TO DO — Your task is to print all of the data word for word.

[DATA TO EXAMINE Boundary: Start]

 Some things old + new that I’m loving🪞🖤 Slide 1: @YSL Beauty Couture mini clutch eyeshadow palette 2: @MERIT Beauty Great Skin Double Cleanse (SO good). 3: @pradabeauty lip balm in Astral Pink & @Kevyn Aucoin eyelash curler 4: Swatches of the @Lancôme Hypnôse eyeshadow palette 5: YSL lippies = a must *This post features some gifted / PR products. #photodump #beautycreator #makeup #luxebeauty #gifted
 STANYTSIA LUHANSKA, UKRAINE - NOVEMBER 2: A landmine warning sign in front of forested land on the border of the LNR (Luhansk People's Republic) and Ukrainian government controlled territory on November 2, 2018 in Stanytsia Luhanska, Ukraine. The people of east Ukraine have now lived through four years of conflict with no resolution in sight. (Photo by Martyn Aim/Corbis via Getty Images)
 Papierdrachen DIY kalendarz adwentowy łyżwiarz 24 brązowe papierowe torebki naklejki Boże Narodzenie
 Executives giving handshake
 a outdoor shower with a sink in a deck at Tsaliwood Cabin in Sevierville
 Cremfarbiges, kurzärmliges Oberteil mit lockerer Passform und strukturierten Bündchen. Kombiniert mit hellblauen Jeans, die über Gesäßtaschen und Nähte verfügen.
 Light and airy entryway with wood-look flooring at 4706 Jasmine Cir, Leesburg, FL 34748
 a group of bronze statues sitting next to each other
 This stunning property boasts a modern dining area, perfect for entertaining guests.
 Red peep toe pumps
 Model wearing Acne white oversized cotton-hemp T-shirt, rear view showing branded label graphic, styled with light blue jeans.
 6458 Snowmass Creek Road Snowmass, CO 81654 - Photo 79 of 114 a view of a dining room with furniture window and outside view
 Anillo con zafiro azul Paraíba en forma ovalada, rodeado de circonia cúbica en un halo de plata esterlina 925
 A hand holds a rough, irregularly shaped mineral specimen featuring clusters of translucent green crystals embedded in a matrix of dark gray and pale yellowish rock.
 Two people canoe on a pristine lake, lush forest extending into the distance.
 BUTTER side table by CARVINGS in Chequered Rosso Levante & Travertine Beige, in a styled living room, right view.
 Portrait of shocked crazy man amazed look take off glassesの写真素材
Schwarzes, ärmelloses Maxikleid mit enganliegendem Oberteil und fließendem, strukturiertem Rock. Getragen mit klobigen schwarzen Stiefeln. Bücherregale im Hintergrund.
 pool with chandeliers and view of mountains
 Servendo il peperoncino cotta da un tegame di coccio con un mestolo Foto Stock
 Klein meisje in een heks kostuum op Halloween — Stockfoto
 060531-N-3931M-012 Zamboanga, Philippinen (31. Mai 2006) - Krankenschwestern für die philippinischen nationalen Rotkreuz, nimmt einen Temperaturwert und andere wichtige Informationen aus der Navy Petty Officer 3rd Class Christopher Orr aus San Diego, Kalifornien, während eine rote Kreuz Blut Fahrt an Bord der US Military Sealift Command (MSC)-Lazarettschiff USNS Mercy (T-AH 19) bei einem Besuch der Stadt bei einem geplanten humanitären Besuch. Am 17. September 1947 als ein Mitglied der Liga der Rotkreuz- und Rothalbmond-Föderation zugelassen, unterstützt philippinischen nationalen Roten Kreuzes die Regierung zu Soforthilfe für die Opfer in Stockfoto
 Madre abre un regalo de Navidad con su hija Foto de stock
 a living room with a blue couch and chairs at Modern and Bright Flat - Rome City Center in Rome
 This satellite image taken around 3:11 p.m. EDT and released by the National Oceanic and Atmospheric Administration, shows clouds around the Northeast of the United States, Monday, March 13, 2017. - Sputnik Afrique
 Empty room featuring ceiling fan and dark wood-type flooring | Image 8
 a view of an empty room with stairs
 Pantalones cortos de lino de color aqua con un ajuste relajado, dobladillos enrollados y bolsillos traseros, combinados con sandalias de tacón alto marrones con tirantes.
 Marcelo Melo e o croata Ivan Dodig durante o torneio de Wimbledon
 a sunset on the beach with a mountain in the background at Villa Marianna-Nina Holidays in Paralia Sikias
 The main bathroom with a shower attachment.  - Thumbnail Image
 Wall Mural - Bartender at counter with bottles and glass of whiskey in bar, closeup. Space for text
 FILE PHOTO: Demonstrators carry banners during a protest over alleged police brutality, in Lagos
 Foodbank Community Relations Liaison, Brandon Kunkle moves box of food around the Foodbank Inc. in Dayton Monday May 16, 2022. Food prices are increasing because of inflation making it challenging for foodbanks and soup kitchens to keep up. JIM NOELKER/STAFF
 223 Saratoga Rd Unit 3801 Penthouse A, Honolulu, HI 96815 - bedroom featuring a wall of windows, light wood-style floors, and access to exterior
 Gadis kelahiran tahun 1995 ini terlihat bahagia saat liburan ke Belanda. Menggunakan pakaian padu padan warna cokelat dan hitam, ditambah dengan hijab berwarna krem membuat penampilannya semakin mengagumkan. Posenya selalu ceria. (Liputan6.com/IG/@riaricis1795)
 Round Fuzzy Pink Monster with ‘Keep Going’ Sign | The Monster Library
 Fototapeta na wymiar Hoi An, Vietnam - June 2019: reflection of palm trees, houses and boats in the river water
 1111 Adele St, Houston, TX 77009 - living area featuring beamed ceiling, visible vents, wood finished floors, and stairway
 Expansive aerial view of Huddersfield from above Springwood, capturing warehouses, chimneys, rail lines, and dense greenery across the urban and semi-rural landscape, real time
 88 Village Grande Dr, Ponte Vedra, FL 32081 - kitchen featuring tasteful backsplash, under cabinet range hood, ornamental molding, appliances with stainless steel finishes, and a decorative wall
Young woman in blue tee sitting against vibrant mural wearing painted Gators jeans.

[DATA TO EXAMINE Boundary: End]

OUTPUT —
 Some things old + new that I’m loving🪞🖤 Slide 1: @YSL Beauty Couture mini clutch eyeshadow palette 2: @MERIT Beauty Great Skin Double Cleanse (SO good). 3: @pradabeauty lip balm in Astral Pink & @Kevyn Aucoin eyelash curler 4: Swatches of the @Lancôme Hypnôse eyeshadow palette 5: YSL lippies = a must *This post features some gifted / PR products. #photodump #beautycreator #makeup #luxebeauty #gifted
 STANYTSIA LUHANSKA, UKRAINE - NOVEMBER 2: A landmine warning sign in front of forested land on the border of the LNR (Luhansk People's Republic) and Ukrainian government controlled territory on November 2, 2018 in Stanytsia Luhanska, Ukraine. The people of east Ukraine have now lived through four years of conflict with no resolution in sight. (Photo by Martyn Aim/Corbis via Getty Images)
 Papierdrachen DIY kalendarz adwentowy łyżwiarz 24 brązowe papierowe torebki naklejki Boże Narodzenie
 Executives giving handshake
 a outdoor shower with a sink in a deck at Tsaliwood Cabin in Sevierville
 Cremfarbiges, kurzärmliges Oberteil mit lockerer Passform und strukturierten Bündchen. Kombiniert mit hellblauen Jeans, die über Gesäßtaschen und Nähte verfügen.
 Light and airy entryway with wood-look flooring at 4706 Jasmine Cir, Leesburg, FL 34748
 a group of bronze statues sitting next to each other
 This stunning property boasts a modern dining area, perfect for entertaining guests.
 Red peep toe pumps
 Model wearing Acne white oversized cotton-hemp T-shirt, rear view showing branded label graphic, styled with light blue jeans.
 6458 Snowmass Creek Road Snowmass, CO 81654 - Photo 79 of 114 a view of a dining room with furniture window and outside view
 Anillo con zafiro azul Paraíba en forma ovalada, rodeado de circonia cúbica en un halo de plata esterlina 925
 A hand holds a rough, irregularly shaped mineral specimen featuring clusters of translucent green crystals embedded in a matrix of dark gray and pale yellowish rock.
 Two people canoe on a pristine lake, lush forest extending into the distance.
 BUTTER side table by CARVINGS in Chequered Rosso Levante & Travertine Beige, in a styled living room, right view.
 Portrait of shocked crazy man amazed look take off glassesの写真素材
Schwarzes, ärmelloses Maxikleid mit enganliegendem Oberteil und fließendem, strukturiertem Rock. Getragen mit klobigen schwarzen Stiefeln. Bücherregale im Hintergrund.
 pool with chandeliers and view of mountains
 Servendo il peperoncino cotta da un tegame di coccio con un mestolo Foto Stock
 Klein meisje in een heks kostuum op Halloween — Stockfoto
 060531-N-3931M-012 Zamboanga, Philippinen (31. Mai 2006) - Krankenschwestern für die philippinischen nationalen Rotkreuz, nimmt einen Temperaturwert und andere wichtige Informationen aus der Navy Petty Officer 3rd Class Christopher Orr aus San Diego, Kalifornien, während eine rote Kreuz Blut Fahrt an Bord der US Military Sealift Command (MSC)-Lazarettschiff USNS Mercy (T-AH 19) bei einem Besuch der Stadt bei einem geplanten humanitären Besuch. Am 17. September 1947 als ein Mitglied der Liga der Rotkreuz- und Rothalbmond-Föderation zugelassen, unterstützt philippinischen nationalen Roten Kreuzes die Regierung zu Soforthilfe für die Opfer in Stockfoto
 Madre abre un regalo de Navidad con su hija Foto de stock
 a living room with a blue couch and chairs at Modern and Bright Flat - Rome City Center in Rome
 This satellite image taken around 3:11 p.m. EDT and released by the National Oceanic and Atmospheric Administration, shows clouds around the Northeast of the United States, Monday, March 13, 2017. - Sputnik Afrique
 Empty room featuring ceiling fan and dark wood-type flooring | Image 8
 a view of an empty room with stairs
 Pantalones cortos de lino de color aqua con un ajuste relajado, dobladillos enrollados y bolsillos traseros, combinados con sandalias de tacón alto marrones con tirantes.
 Marcelo Melo e o croata Ivan Dodig durante o torneio de Wimbledon
 a sunset on the beach with a mountain in the background at Villa Marianna-Nina Holidays in Paralia Sikias
 The main bathroom with a shower attachment.  - Thumbnail Image
 Wall Mural - Bartender at counter with bottles and glass of whiskey in bar, closeup. Space for text
 FILE PHOTO: Demonstrators carry banners during a protest over alleged police brutality, in Lagos
 Foodbank Community Relations Liaison, Brandon Kunkle moves box of food around the Foodbank Inc. in Dayton Monday May 16, 2022. Food prices are increasing because of inflation making it challenging for foodbanks and soup kitchens to keep up. JIM NOELKER/STAFF
 223 Saratoga Rd Unit 3801 Penthouse A, Honolulu, HI 96815 - bedroom featuring a wall of windows, light wood-style floors, and access to exterior
 Gadis kelahiran tahun 1995 ini terlihat bahagia saat liburan ke Belanda. Menggunakan pakaian padu padan warna cokelat dan hitam, ditambah dengan hijab berwarna krem membuat penampilannya semakin mengagumkan. Posenya selalu ceria. (Liputan6.com/IG/@riaricis1795)
 Round Fuzzy Pink Monster with ‘Keep Going’ Sign | The Monster Library
 Fototapeta na wymiar Hoi An, Vietnam - June 2019: reflection of palm trees, houses and boats in the river water
 1111 Adele St, Houston, TX 77009 - living area featuring beamed ceiling, visible vents, wood finished floors, and stairway
 Expansive aerial view of Huddersfield from above Springwood, capturing warehouses, chimneys, rail lines, and dense greenery across the urban and semi-rural landscape, real time
 88 Village Grande Dr, Ponte Vedra, FL 32081 - kitchen featuring tasteful backsplash, under cabinet range hood, ornamental molding, appliances with stainless steel finishes, and a decorative wall
Young woman in blue tee sitting against vibrant mural wearing painted Gators jeans.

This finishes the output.